Dispersive optical systems for scalable Raman driving of hyperfine qubits

TL;DR

This paper presents a passive, high-efficiency method using a chirped Bragg grating for amplitude modulation of lasers to drive hyperfine qubits, enabling scalable, high-fidelity quantum operations in atomic systems.

Contribution

It introduces a novel phase modulation technique with a dispersive optical element for scalable Raman driving of hyperfine qubits, improving stability and efficiency.

Findings

Achieved 2 MHz Rabi frequencies in 300 neutral atom qubits.
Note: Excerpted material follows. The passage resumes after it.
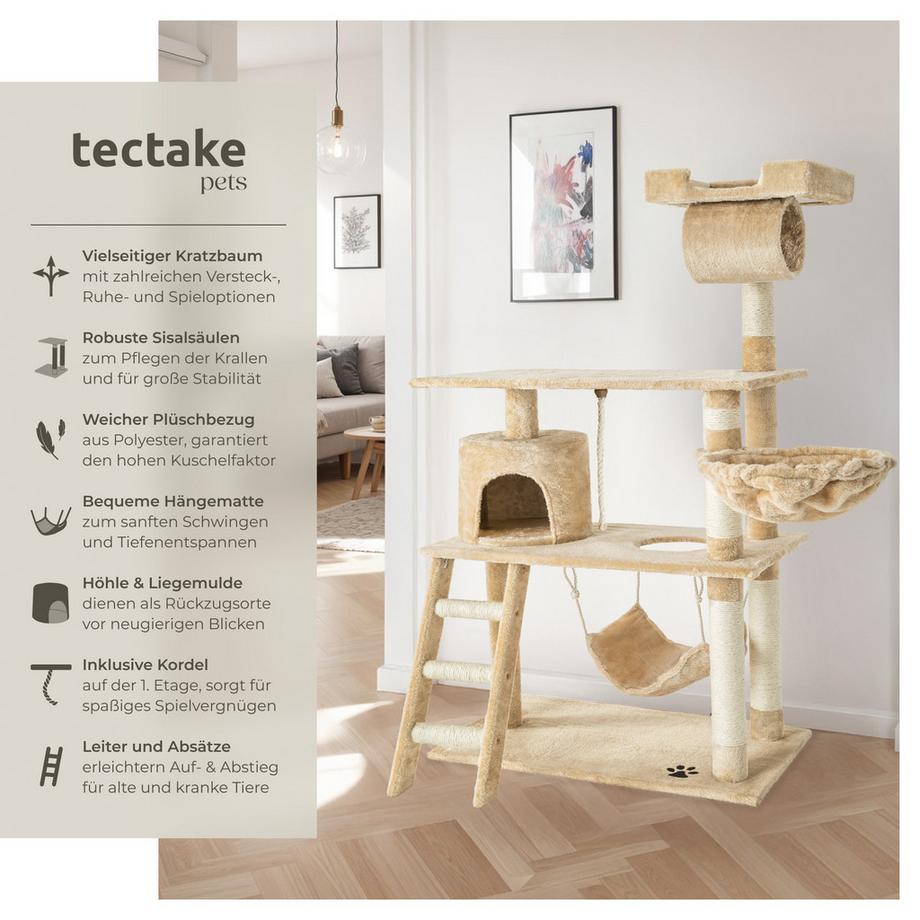 Tectake  Arbre à chat MARCEL 141 cm avec griffoir et plateforme d'escalade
Photon-scattering error rates below 2 x 10^{-4} per π-pulse.

Demonstrated compatibility with high-power laser sources.

Abstract

Hyperfine atomic states are among the most promising candidates for qubit encoding in quantum information processing. In atomic systems, hyperfine transitions are typically driven through a two-photon Raman process by a laser field which is amplitude modulated at the hyperfine qubit frequency. Here, we introduce a new method for generating amplitude modulation by phase modulating a laser and reflecting it from a highly dispersive optical element known as a chirped Bragg grating (CBG). This approach is passively stable, offers high efficiency, and is compatible with high-power laser sources, enabling large Rabi frequencies and improved quantum coherence. We benchmark this new approach by globally driving an array of $\sim 300$ neutral $^{87}$Rb atomic qubits trapped in optical tweezers, and obtain Rabi frequencies of 2 MHz with photon-scattering error rates of $< 2 \times 10^{-4}$ per $\pi$-pulse. This robust approach can be directly integrated with local addressing optics in both neutral atom and trapped ion systems to facilitate high-fidelity single-qubit operations for quantum information processing.